These are the hyperparameters that we're using. They are very arbitrary, and because our implementation of PPO is slow and we didn't have enough time to find ideal hyperparameters.

In [None]:
input_size = 3
action_size = 1

loss_function = surrogate_loss
log_std = .01
learning_rate=1e-3
gamma = .99

total_timesteps = 100000
batch_size = 10
trajectory_length = 100
train_iterations = total_timesteps // (batch_size * trajectory_length)
log_interval = train_iterations // 2 # this lets us visualize the value function at the beginning, middle and end of the training

## Training the Agent

Now, we can create the PPO agent and start training it. This will take a while, especially as the loss function becomes more complex.

In [None]:
agent = PPOAgent(input_size=input_size, output_size=action_size, log_std=log_std, num_trajectories=batch_size, trajectory_length=trajectory_length, learning_rate=learning_rate)

agent.train(env=env, max_iterations=train_iterations, log_interval=log_interval)

Now that the agent is trained, we can plot the reward-to-go and loss during the agent's training.
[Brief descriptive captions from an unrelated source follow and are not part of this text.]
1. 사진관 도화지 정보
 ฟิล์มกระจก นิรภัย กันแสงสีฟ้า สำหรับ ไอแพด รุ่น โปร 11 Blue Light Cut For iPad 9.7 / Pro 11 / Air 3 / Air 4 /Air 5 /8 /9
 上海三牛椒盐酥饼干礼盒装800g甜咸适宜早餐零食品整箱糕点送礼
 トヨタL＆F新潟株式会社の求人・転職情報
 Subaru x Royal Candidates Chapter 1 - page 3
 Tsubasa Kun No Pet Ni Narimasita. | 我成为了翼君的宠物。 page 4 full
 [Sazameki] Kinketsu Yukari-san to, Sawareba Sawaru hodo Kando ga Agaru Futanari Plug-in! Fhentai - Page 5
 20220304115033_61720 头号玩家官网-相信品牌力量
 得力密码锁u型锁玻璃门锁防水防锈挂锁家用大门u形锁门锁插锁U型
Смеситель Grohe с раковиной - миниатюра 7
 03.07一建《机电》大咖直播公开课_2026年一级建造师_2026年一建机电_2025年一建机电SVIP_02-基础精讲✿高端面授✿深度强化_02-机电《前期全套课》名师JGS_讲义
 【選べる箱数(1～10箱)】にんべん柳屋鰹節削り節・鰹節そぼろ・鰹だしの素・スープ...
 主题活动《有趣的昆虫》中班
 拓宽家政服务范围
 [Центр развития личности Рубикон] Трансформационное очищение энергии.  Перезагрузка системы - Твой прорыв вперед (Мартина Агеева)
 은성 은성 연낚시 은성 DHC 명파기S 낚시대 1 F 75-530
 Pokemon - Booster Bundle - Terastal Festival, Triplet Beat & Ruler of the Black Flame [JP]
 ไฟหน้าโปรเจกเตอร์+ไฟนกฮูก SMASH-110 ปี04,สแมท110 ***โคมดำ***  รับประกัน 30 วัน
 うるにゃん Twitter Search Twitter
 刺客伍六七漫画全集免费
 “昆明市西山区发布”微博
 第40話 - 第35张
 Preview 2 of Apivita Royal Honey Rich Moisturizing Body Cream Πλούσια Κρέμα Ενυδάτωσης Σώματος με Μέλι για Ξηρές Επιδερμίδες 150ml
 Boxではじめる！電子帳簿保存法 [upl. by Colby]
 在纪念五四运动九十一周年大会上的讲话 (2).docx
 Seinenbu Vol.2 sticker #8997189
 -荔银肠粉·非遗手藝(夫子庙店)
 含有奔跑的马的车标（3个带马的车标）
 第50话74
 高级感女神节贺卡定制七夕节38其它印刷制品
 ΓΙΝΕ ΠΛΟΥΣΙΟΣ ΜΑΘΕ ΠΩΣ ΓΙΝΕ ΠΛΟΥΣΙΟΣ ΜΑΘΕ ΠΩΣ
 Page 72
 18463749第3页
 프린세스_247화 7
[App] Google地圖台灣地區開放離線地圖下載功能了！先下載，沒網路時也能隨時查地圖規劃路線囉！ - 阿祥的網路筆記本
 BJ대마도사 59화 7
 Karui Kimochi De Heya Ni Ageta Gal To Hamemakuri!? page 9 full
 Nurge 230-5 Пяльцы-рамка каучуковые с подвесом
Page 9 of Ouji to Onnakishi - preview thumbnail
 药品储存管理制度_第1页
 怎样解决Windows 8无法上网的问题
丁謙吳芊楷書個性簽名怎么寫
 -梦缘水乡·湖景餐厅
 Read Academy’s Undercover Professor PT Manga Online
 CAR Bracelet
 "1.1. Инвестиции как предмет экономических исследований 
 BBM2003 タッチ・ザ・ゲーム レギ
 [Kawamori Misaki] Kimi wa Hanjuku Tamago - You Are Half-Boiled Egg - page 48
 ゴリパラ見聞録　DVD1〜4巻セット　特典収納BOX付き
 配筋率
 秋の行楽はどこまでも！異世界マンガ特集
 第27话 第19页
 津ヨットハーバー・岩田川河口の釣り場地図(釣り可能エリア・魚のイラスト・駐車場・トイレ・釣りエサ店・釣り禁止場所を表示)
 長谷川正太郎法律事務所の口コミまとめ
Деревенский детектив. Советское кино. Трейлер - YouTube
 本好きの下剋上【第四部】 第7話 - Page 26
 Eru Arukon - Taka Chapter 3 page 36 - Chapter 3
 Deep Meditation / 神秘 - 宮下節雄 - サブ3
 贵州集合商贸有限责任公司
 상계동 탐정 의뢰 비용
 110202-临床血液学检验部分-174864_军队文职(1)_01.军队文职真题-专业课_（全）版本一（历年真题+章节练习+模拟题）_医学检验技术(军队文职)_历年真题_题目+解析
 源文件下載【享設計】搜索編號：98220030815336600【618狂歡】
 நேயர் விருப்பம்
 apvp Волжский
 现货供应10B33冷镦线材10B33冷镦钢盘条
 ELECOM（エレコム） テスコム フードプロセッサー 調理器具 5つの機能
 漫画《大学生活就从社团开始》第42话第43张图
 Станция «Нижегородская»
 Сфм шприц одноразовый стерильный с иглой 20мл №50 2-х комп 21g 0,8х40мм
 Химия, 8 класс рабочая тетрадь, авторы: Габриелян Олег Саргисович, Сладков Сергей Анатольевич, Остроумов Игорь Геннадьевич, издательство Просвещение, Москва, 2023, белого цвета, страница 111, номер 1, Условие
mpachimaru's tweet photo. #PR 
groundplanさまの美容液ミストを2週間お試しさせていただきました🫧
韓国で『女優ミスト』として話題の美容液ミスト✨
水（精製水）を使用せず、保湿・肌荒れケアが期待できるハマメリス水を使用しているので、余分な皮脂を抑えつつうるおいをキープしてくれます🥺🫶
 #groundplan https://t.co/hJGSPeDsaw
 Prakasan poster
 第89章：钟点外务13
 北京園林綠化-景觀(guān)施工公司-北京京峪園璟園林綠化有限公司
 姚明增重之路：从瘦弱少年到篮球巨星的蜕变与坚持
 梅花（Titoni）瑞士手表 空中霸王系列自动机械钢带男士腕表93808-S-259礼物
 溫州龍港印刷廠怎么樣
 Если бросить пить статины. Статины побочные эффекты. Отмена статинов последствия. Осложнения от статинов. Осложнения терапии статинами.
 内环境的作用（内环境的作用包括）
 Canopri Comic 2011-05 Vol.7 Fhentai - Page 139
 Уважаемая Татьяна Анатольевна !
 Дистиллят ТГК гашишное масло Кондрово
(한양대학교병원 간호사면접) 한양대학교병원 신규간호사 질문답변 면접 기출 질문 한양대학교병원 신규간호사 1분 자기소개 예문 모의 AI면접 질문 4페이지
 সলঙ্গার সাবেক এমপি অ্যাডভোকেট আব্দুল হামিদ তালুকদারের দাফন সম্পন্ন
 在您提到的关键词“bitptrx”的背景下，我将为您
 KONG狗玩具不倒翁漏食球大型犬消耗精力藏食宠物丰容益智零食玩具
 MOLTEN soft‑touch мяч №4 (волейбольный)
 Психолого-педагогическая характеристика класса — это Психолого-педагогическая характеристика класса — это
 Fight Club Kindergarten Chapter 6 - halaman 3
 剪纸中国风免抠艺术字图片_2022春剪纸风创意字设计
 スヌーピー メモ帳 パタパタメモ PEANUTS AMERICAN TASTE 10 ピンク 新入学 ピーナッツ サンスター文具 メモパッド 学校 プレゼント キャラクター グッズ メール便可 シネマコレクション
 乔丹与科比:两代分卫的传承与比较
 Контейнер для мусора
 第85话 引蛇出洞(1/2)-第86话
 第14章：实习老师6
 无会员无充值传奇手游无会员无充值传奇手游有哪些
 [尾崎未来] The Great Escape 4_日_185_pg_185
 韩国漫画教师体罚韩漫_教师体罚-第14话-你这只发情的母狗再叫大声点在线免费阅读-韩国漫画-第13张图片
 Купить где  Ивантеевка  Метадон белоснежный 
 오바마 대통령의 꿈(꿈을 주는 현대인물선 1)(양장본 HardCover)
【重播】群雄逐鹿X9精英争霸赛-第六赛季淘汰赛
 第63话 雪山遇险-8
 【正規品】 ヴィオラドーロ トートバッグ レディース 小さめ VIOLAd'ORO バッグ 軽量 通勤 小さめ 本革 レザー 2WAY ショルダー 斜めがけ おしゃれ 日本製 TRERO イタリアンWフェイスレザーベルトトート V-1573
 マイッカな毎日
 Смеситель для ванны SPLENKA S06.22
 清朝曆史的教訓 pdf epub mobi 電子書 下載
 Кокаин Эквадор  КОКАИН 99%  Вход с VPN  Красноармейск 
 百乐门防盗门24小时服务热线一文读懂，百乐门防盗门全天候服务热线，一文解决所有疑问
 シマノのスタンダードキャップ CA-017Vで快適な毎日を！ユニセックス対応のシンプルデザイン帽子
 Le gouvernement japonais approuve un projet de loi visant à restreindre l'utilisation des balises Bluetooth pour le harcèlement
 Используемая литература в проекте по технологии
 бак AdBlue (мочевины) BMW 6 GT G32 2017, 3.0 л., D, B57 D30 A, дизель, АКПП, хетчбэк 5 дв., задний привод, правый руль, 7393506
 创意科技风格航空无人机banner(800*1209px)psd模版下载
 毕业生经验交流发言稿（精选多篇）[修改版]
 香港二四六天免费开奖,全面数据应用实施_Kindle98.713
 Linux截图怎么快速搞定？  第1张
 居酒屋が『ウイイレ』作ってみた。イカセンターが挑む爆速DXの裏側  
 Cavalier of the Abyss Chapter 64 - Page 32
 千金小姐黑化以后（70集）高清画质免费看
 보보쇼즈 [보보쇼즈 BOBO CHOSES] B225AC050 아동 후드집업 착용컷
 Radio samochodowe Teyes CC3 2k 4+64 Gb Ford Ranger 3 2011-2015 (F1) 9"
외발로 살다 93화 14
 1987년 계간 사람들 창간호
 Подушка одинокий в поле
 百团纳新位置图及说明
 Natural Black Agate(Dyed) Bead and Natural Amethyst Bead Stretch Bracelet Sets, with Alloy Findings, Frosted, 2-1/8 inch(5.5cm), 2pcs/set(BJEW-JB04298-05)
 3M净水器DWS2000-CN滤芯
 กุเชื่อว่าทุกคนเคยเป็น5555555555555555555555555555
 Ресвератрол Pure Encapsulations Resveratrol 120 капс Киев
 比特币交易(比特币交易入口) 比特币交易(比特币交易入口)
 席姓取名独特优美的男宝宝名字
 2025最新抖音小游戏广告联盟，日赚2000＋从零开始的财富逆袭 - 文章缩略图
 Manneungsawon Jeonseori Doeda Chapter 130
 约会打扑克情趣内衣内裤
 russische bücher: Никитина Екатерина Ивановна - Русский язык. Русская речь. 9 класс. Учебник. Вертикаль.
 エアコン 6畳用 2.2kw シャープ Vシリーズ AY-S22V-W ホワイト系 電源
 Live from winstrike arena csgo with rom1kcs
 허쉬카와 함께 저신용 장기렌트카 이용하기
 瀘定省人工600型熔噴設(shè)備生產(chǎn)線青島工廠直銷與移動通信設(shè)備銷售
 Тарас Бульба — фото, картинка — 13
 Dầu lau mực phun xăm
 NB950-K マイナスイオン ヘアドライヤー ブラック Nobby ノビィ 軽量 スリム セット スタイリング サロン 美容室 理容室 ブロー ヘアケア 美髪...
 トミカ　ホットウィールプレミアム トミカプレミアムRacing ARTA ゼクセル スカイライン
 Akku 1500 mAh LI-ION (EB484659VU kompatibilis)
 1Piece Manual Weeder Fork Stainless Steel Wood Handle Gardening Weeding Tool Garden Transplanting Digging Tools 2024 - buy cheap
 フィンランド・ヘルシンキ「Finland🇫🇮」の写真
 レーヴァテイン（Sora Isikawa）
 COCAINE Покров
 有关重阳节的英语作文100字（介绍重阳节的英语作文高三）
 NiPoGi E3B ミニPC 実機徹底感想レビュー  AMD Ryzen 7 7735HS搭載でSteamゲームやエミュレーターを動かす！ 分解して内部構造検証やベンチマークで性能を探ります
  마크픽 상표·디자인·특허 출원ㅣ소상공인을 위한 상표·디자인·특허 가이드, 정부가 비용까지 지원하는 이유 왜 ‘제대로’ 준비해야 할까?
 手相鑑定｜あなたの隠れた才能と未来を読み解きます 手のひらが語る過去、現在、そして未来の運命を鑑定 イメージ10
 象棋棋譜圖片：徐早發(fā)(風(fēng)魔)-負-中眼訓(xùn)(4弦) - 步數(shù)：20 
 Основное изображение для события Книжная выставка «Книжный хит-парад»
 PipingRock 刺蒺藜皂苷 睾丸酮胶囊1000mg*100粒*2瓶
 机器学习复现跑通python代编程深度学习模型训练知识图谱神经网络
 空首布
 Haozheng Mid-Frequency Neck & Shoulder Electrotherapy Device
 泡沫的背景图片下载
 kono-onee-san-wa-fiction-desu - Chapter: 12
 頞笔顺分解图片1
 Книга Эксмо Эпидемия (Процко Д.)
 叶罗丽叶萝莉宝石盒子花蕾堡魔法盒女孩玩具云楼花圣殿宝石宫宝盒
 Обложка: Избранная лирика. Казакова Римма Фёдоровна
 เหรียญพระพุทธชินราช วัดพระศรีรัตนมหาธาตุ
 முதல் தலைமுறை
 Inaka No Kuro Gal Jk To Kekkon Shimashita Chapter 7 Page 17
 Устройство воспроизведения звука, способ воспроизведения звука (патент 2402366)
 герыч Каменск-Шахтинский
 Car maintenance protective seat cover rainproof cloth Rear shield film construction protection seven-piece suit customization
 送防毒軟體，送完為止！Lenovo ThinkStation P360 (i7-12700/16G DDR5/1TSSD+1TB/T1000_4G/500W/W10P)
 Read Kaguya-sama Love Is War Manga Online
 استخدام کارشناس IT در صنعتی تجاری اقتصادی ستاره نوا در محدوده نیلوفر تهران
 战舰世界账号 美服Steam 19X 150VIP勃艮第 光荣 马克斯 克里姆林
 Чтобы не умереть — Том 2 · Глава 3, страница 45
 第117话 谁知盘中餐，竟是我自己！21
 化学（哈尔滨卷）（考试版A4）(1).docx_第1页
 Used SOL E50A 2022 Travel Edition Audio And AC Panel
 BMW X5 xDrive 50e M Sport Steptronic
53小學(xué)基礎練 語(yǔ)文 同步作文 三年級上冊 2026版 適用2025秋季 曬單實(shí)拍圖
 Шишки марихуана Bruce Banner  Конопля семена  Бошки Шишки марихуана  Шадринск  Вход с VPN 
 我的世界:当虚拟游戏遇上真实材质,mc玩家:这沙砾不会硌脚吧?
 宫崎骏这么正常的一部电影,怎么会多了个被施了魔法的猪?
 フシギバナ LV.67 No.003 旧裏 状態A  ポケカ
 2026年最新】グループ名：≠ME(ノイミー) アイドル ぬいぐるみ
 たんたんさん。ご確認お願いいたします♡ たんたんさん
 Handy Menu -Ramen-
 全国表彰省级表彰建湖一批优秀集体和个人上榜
The x-axis of each plot represents the iteration that the PPO algorithm was on, not the timestep in the environment.

In [None]:
iterations = np.arange(train_iterations)
plt.plot(iterations, agent.rewards)
plt.xlabel('Iteration')
plt.ylabel('Reward to Go')
plt.title('Reward to Go vs. Iteration')
plt.show()

In [None]:
plt.plot(iterations, agent.losses)
plt.xlabel('Iteration')
plt.ylabel('Loss')
plt.title('Loss vs. Iteration')
plt.show()